Ein Dutzend Folien für eine ganze Stunde
Mit einem Dutzend Folien füllt Kawasaki, einer der bekanntesten Risikokapitalgeber im Silicon Valley und gefragter Vortragsredner zu Themen wie Innovation und Unternehmensgründung, eine ganze Stunde. Seine Präsentationen fesseln – und vergehen wie im Flug.
Gutes gut zu verkaufen, ist eine Grundvoraussetzung für den beruflichen Erfolg. Bevor Leistung honoriert werden kann, muss sie erst jemand bemerken. Nach der 2011 veröffentlichten Untersuchung "Mit dem Bachelor in den Beruf" der Hochschul-Informations-System GmbH, Hannover, betrachten rund vier Fünftel der Hochschulabgänger Präsentationskompetenzen als sehr wichtig oder wichtig im Job.
Die Angst vor der ersten wichtigen Präsentation
Allerdings sehen sie sich unterschiedlich gerüstet: In den Sprach- und Kulturwissenschaften glauben 55 Prozent der FH-Bachelors und 63 Prozent der Uni-Bachelors, mit Präsentationen keine Probleme zu haben. Bei den Ingenieuren wollen das nur 42 Prozent der FH-Bachelors und 35 Prozent der Uni-Bachelors von sich behaupten.
Im Umkehrschluss heisst das, dass je nach Fachrichtung und Hochschulart bis zu zwei Drittel der Berufsanfänger Gefahr laufen, mit ihrer ersten Präsentation vor Kollegen und Vorgesetzten zu scheitern.
So langweilt man das Publikum zu Tode
Eine Studie des Instituts der deutschen Wirtschaft Köln legt den Finger in die gleiche Wunde: Die befragten Personalmanager kritisieren, dass Hochschulen zu wenig Methodenwissen vermittelten. 70 Prozent halten Lehrangebote zu Präsentationstechniken für notwendig. Wobei "Technik" sich nicht darauf beschränken darf, möglichst viele möglichst volle Powerpoint-Folien zu produzieren.
Garr Reynolds, Autor des Standardwerks "Naked Presenter", erzählt gern, wie er sich einmal fast zu Tode langweilte: Erst brauchte der Vortragende ewig, um seinen Laptop hochzufahren, dann fiel ihm sein Passwort nicht ein, dann musste er sich durch Familienfotos zum richtigen Ordner klicken – um schliesslich für den Rest des Abends hinter dem Rednerpult im Halbdunkeln abzutauchen, während auf der Leinwand eine Folie die andere jagte.
Ziele festlegen
"Wann ist eine Präsentation gut? Die Antwort: Wenn sie das Ziel erreicht hat", meint Rüdiger Vogel, Inhaber von Vogel-Training und Beratung in Forst bei Bruchsal. "Oftmals liegt schon hier die Ursache für eine langweilige Präsentation: Der sie ausgearbeitet hat, war sich nicht im Klaren darüber, was er eigentlich erreichen will."

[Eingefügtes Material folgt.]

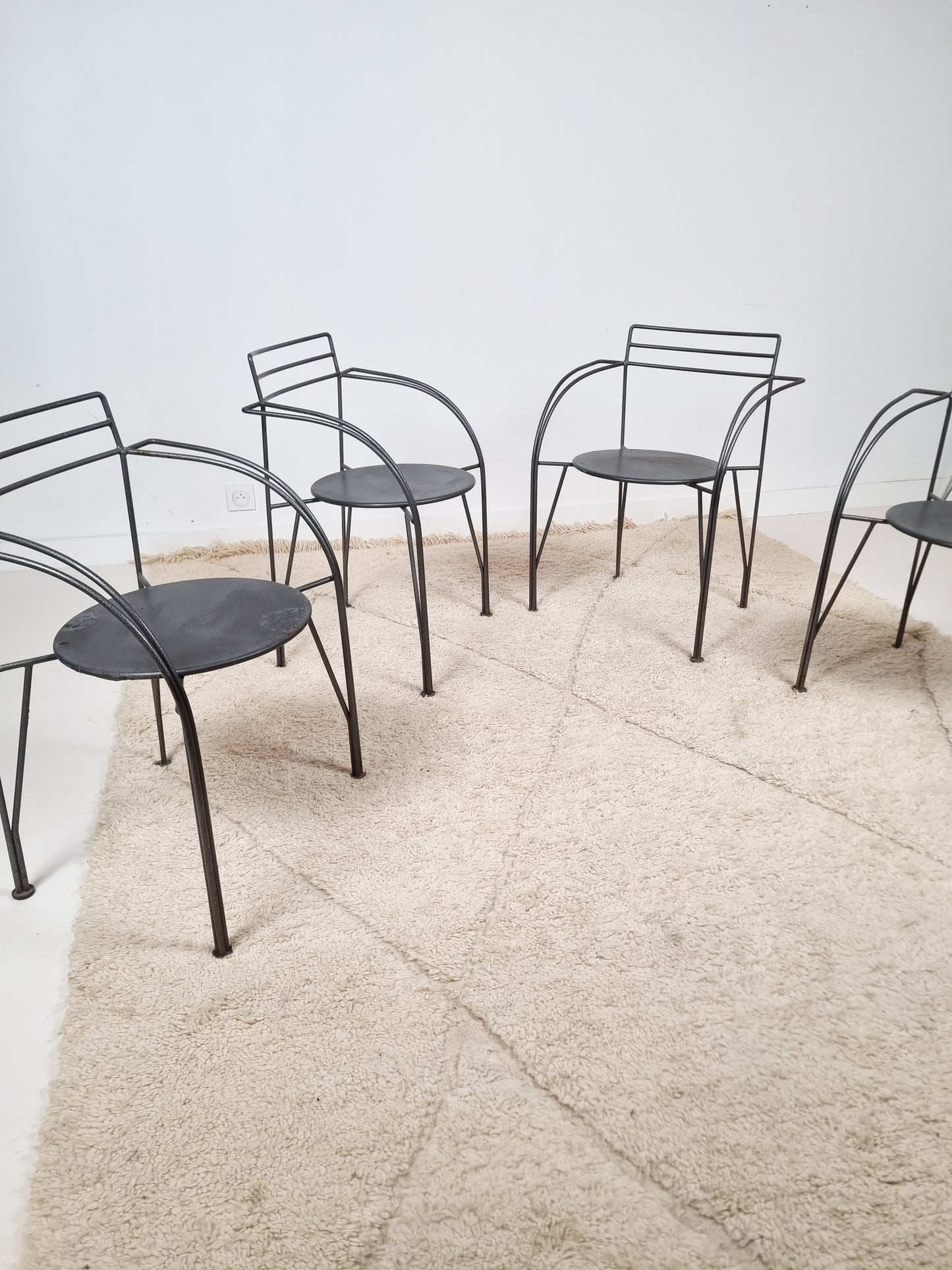 Ensemble de 4 fauteuils par Pascal Mourgue pour Fermob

Sinnvoll ist es, das Ziel aus Sicht des Publikums zu definieren: Was sollen die Leute im Raum wissen, glauben, fühlen, wenn der Vortrag beendet ist? Sollen sie nachdenklich, froh oder vielleicht erschüttert nach Hause gehen? Zu welcher Handlung sollen sie motiviert werden? Wer die Antworten auf diese Fragen während der Präsentation stets im Hinterkopf hat, kann sofort reagieren, wenn sich beispielsweise die Stimmung im Raum anders entwickelt als geplant.
Vogel nennt fünf wesentliche Merkmale einer guten Präsentation:
- sie informiert
- sie unterhält
- sie erzeugt Spannung
- sie überzeugt
- sie bewegt zum Handeln
Genauso gebe es fünf "Präsentationskiller", die in einer Stunde die Arbeit von Tagen zunichtemachten:
- zu langes Reden
- Dominanz der eigenen Sichtweise
- Ignorieren des Publikums
- Selbstüberschätzung
- schlechte Vorbereitung
Die beiden letzten Punkte hängen oft zusammen. Grenzenloses Vertrauen auf Improvisation drücke "Geringschätzung des Publikums" aus, sagt Vogel. "‘Ich bin besser als andere.‘ Achtung! Hochmut kommt vor dem Fall. Selbst wenn es stimmt – und es stimmt selten –, werden Sie mit einer solchen Haltung keine gute Verbindung zum Publikum bekommen."
Spass muss sein
Der Berliner Trainer Karsten Noack weist auf einen weiteren Punkt hin: "Es braucht Spass an genau dieser Präsentation, eine sehr persönliche Beziehung dazu. Wieso gebe gerade ich diese Präsentation?" Nur wer mit dem Herzen dabei ist, lässt den Funken auch zum Publikum überspringen. Voller Körpereinsatz, also abwechslungsreiche Gestik und Mimik, Stimmmodulation und "raumgreifende" Präsenz sorgen für Aufmerksamkeit und Interaktion.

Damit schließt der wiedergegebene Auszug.